■ **EXERCISE BRIEF**
Retype, exactly as they appear below, the lines between the line holding "VULCAN Commercial Wall" and the line holding "Gebruikte Suzuki DR-Z4S", both ends included.

■ **TASK INPUTS**
*-*-*
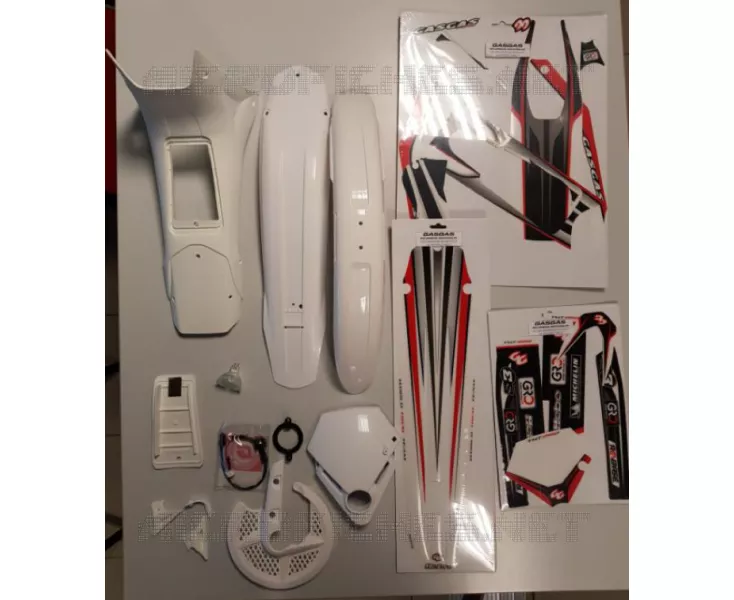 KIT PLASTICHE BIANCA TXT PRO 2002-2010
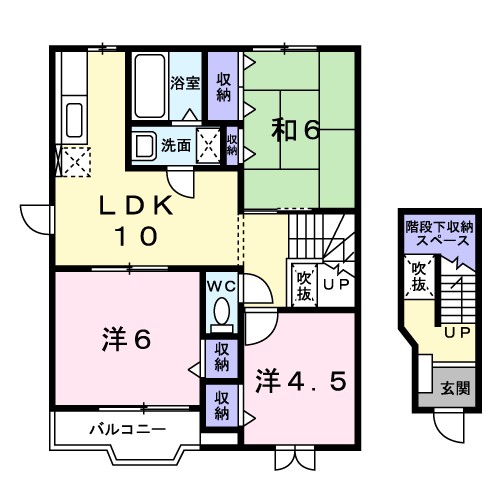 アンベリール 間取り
*-*-*
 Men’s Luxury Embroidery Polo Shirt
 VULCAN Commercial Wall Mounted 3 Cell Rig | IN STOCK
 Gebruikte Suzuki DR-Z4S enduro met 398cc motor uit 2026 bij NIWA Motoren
*-*-*
■ **EXPECTED ANSWER**
 VULCAN Commercial Wall Mounted 3 Cell Rig | IN STOCK
 Gebruikte Suzuki DR-Z4S enduro met 398cc motor uit 2026 bij NIWA Motoren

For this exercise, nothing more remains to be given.